Italian chaos is permitted in the email and name columns; users could remain anonymous, masquerade as "president@whitehouse.gov" or give any name.

This seemed like a good idea when I built the system. I was concerned that it work reliably. I didn't care whether or not users put in bogus content; the admin pages made it really easy to remove such postings and, in any case, if someone had something interesting to say but needed to remain anonymous, why should the system reject their posting?

One hundred thousand postings later, as the moderator of the photo.net Q&A forum, I began to see the dimensions of my data modeling mistakes.

First, anonymous postings and fake email addresses didn't come from Microsoft employees revealing the dark truth about their evil bosses. They came from complete losers trying and failing to be funny or wishing to humiliate other readers. Some fake addresses came from people scared by the rising tide of spam email (not a serious problem back in 1995).

Second, I didn't realize how the combination of my email alert systems, fake email addresses, and Unix mailers would result in my personal mailbox filling up with messages that couldn't be delivered to "asdf@asdf.com" or "duh@duh.net".

Although the solution involved changing some Web scripts, fundamentally the fix was add a column to store the IP address from which a post was made:


alter table bboard add (originating_ip varchar(16));
Keeping these data enabled me to see that most of the anonymous posters were people who'd been using the forum for some time, typically from the same IP address. I just sent them mail and asked them to stop, explaining the problem with bounced email.

After four years of operating the photo.net community, it became apparent that we needed ways to

  • display site history for users who had changed their email addresses
  • discourage problem users from burdening the moderators and the community
  • carefully tie together user-contributed content in the various subsystems of photo.net
The solution was obvious to any experienced database nerd: a canonical users table and then content tables that reference it. Here's a simplified version of the data model, taken from a toolkit for building online communities, describe in http://philip.greenspun.com/panda/community:

create table users (
user_id integer not null primary key,
first_names varchar(100) not null,
last_name varchar(100) not null,
email varchar(100) not null unique,
..
);

create table bboard (
msg_id char(6) not null primary key,
refers_to char(6),
topic varchar(100) not null references bboard_topics,
category varchar(200), -- only used for categorized Q&A forums
originating_ip varchar(16), -- stored as string, separated by periods
user_id integer not null references users,
one_line varchar(700),
message clob,
-- html_p - is the message in html or not
html_p char(1) default 'f' check (html_p in ('t','f')),
...
);

create table classified_ads (
classified_ad_id integer not null primary key,
user_id integer not null references users,
...
);
Note that a contributor's name and email address no longer appear in the bboard table. That doesn't mean we don't know who posted a message. In fact, this data model can't even represent an anonymous posting: user_id integer not null references users requires that each posting be associated with a user ID and that there actually be a row in the users table with that ID.

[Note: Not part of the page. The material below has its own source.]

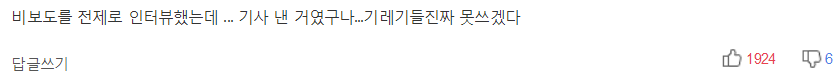 문 대통령 모친, 대선 이후 외출 자제 | 인스티즈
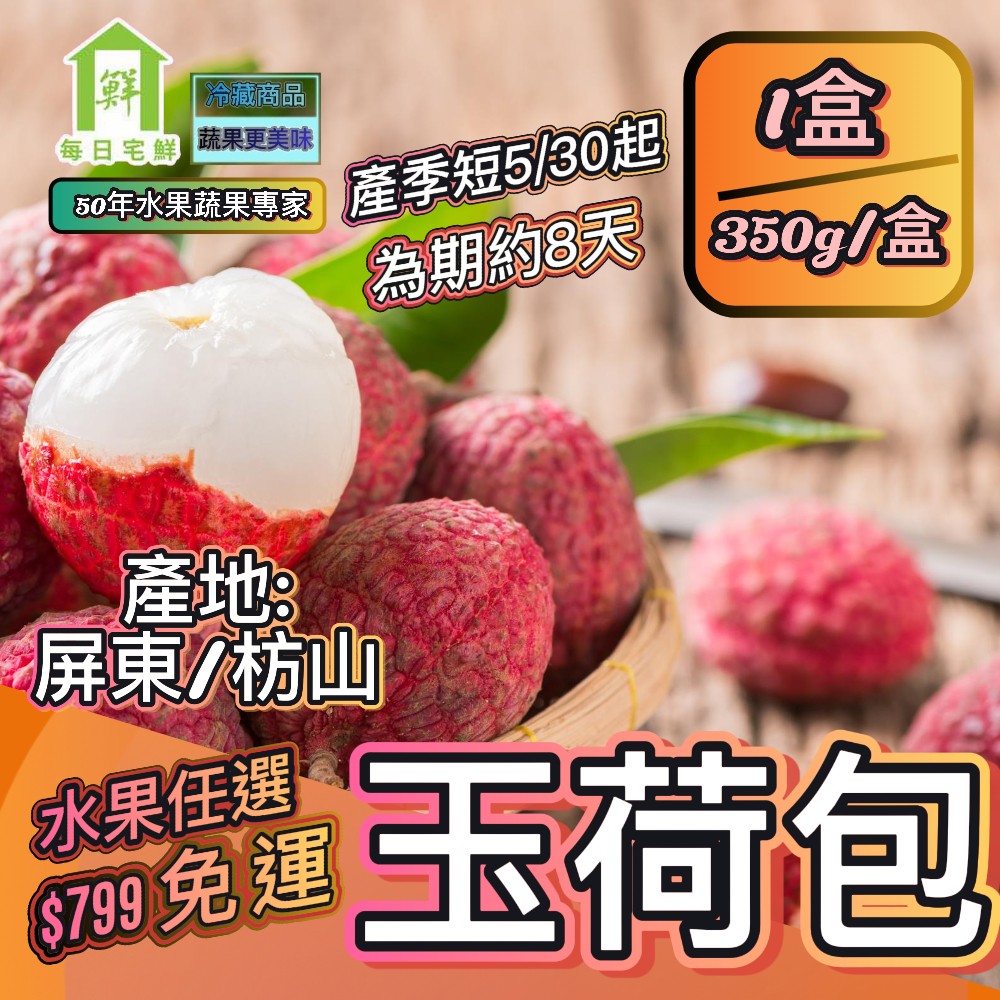 【每日宅鮮】任選$799免費 剪枝粒裝玉荷包(350g/盒±5% x1盒)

First, let's talk about how much fun it is to move a live-on-the-Web 600,000 hit/day service from one data model to another. In this case, note that the original bboard data model had a single name column. The community system has separate columns for first and last names. A conversion script can easily split up "Joe Smith" but what is it to do with William Henry Gates III?

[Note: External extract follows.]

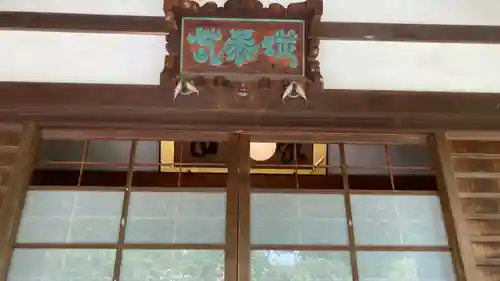 泥牛庵(神奈川県)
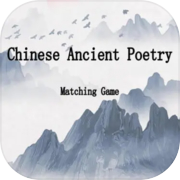 古诗消消大师-Chinese Ancient Poetry Matching Game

How do we copy over anonymous postings? Remember that Oracle is not flexible or intelligent. We said that we wanted every row in the bboard table to reference a row in the users table. Oracle will abort any transaction that would result in a violation of this integrity constraint. So we either have to drop all those anonymous postings (and any non-anonymous postings that refer to them) or we have to create a user called "Anonymous" and assign all the anonymous postings to that person. The technical term for this kind of solution is kludge.

A more difficult problem than anonymous postings is presented by long-time users who have difficulty typing and or keeping a job. Consider a user who has identified himself as

  1. Joe Smith; jsmith@ibm.com
  2. Jo Smith; jsmith@ibm.com (typo in name)
  3. Joseph Smith; jsmth@ibm.com (typo in email)
  4. Joe Smith; cantuseworkaddr@hotmail.com (new IBM policy)
  5. Joe Smith-Jones; joe_smithjones@hp.com (got married, changed name, changed jobs)
  6. Joe Smith-Jones; jsmith@somedivision.hp.com (valid but not canonical corporate email address)
  7. Josephina Smith; jsmith@somedivision.hp.com (sex change; divorce)
  8. Josephina Smith; josephina_smith@hp.com (new corporate address)
  9. Siddhartha Bodhisattva; josephina_smith@hp.com (change of philosophy)
  10. Siddhartha Bodhisattva; thinkwaitfast@hotmail.com (traveling for awhile to find enlightenment)
Contemporary community members all recognize these postings as coming from the same person but it would be very challenging even to build a good semi-automated means of merging postings from this person into one user record.

Once we've copied everything into this new normalized data model, notice that we can't dig ourselves into the same hole again. If a user has contributed 1000 postings, we don't have 1000 different records of that person's name and email address. If a user changes jobs, we need only update one column in one row in one table.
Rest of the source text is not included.